The ultimate issue in the Prop. 8 case has to do with society's approval of homosexual conduct, and whether it should be treated as the full moral and legal equivalent of heterosexual conduct.

This is an enormous public policy concern, and is extremely controversial. This makes it wholly unlike marital intimacy between a man and a wife in a marriage relationship, which has always enjoyed universal support and commendation. No married judge need excuse himself from a case which deals with the acceptability of marital intimacy just because he happens to agree with all human history and the entire history of jurisprudence in the United States.

While a married heterosexual judge engages in sexual intimacy that has always been legal and always been sanctioned by society, Judge Walker engages in sexual conduct that as recently as 1962 was felony behavior in all 50 states, was still a felony in 49 states in 1972, and, while unenforceable due to Lawrence v. Texas, is still a felony according to the criminal code of 12 states.
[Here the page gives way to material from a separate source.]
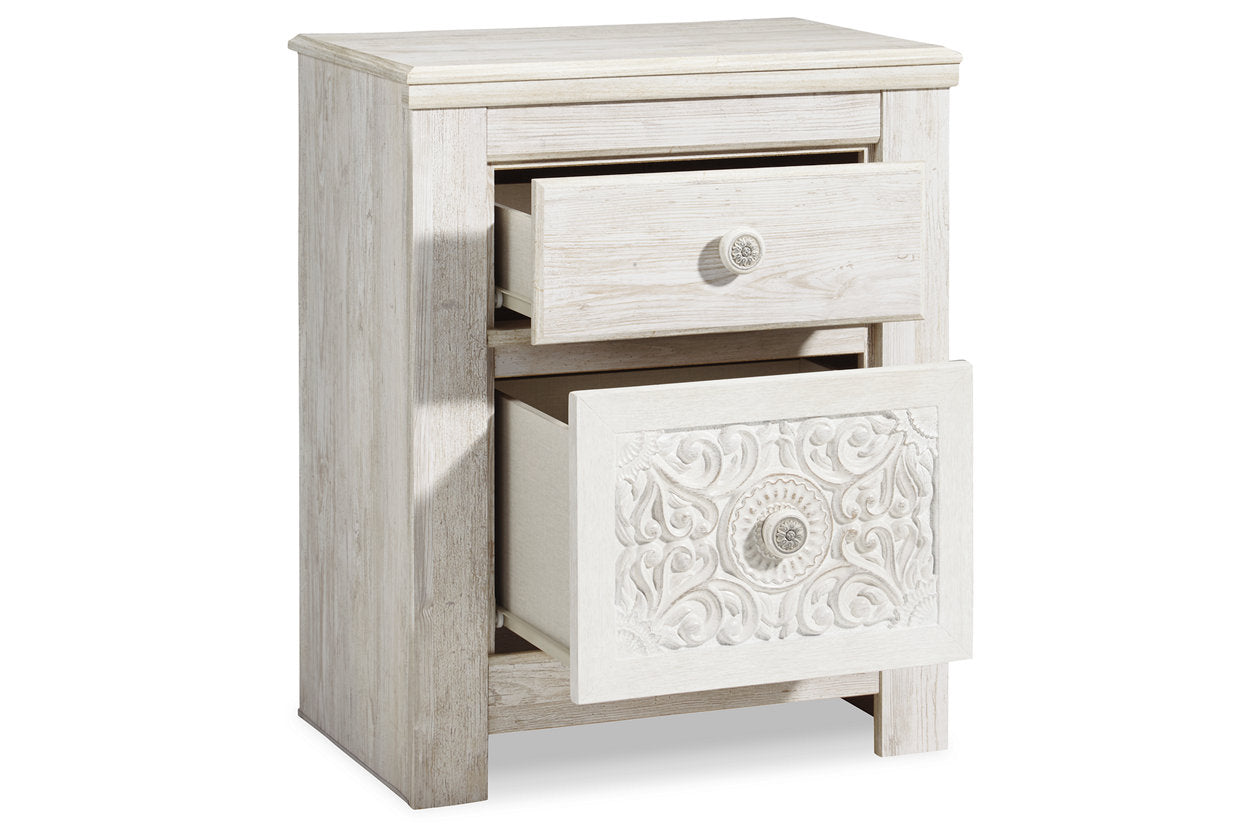 Paxberry Nightstand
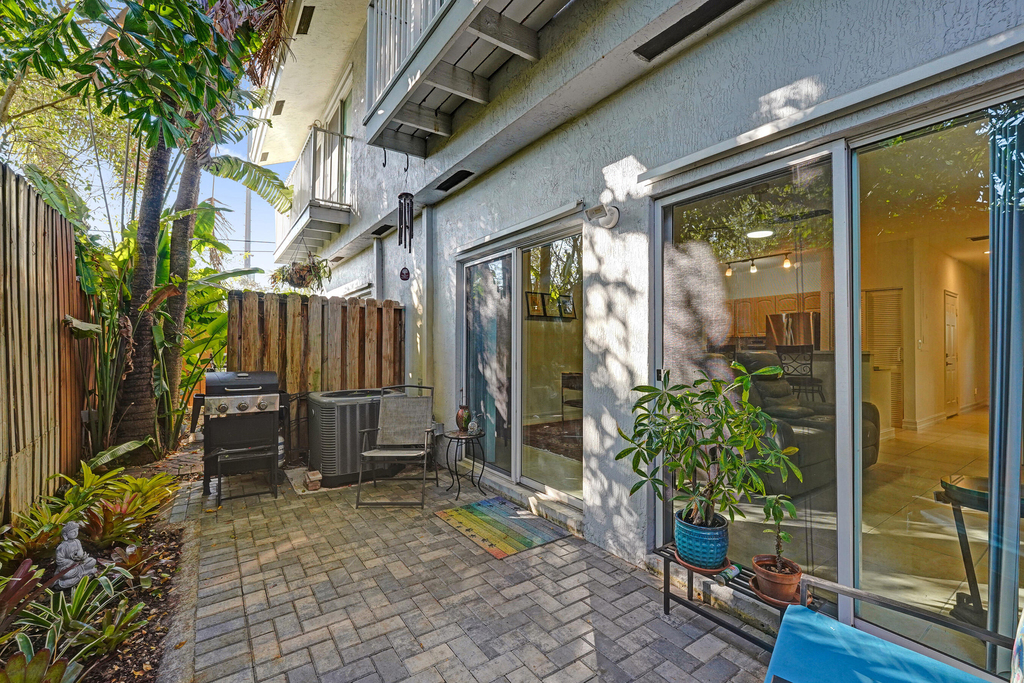 1743 Ne 4th Avenue - Photo 25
Because of the enormous implications of elevating homosexual conduct, with all its risks to human health and psychology, to parity with intimacy between a married man and woman, it is an issue that must be reserved to the people or to their elected representatives. There are huge implications for domestic policy, for education policy (what views of human sexuality will be taught to schoolchildren, for instance), for tax policy, and for military policy (gays in the military, for instance) depending upon how society resolves this issue.

Elected officials are directly accountable to voters in a way that federal judges are not. It is wholly inappropriate for a judge, let alone a practicing homosexual, to be the decider in a controversy of this magnitude.

Judge Walker appointed himself a one-man super-legislature, and it was unethical for him to do so because his mind was already made up on this huge public policy issue. Through his own lifestyle choices, he has made it clear that he, without any question, thinks there is a moral and legal equivalency between homosexual and heterosexual conduct.

His conflict of interest on this matter makes it utterly improper for him to be the decider on an issue like this.

Legislators who use their influence to affect legislation in which they have a personal stake can get themselves kicked out of Congress, as Charlie Rangel and Maxine Waters may soon find out.

Judge Elana Kagan will be forced to recuse herself on somewhere between a dozen and two dozen cases because she's already tipped her hand by her work in the executive branch on particular issues. The conflict of interest she has in such cases means everyone, including Ms. Kagan, recognizes she cannot be an impartial jurist on those matters.

It was, in a similar way, impossible for Judge Walker to sit as judge in any case in which the parity of homosexual and heterosexual conduct was an issue. He had far too much of a personal stake in this matter to even pretend to be a neutral umpire. He was going to call this one for the visiting team before the first pitch was thrown.

When I read in the San Francisco Chronicle back in February that he was a practicing homosexual, and that he wanted the whole thing televised so he could become a media star, the Judge Ito of the homosexual movement, I knew in that instant how he was going to rule. The trial itself was a charade, a farce, because the ultimate ruling had been decided in his mind before day one of the trial.

The fix was in, and that is, to borrow a phrase from our newest member of the Supreme Court, a moral injustice of the first order.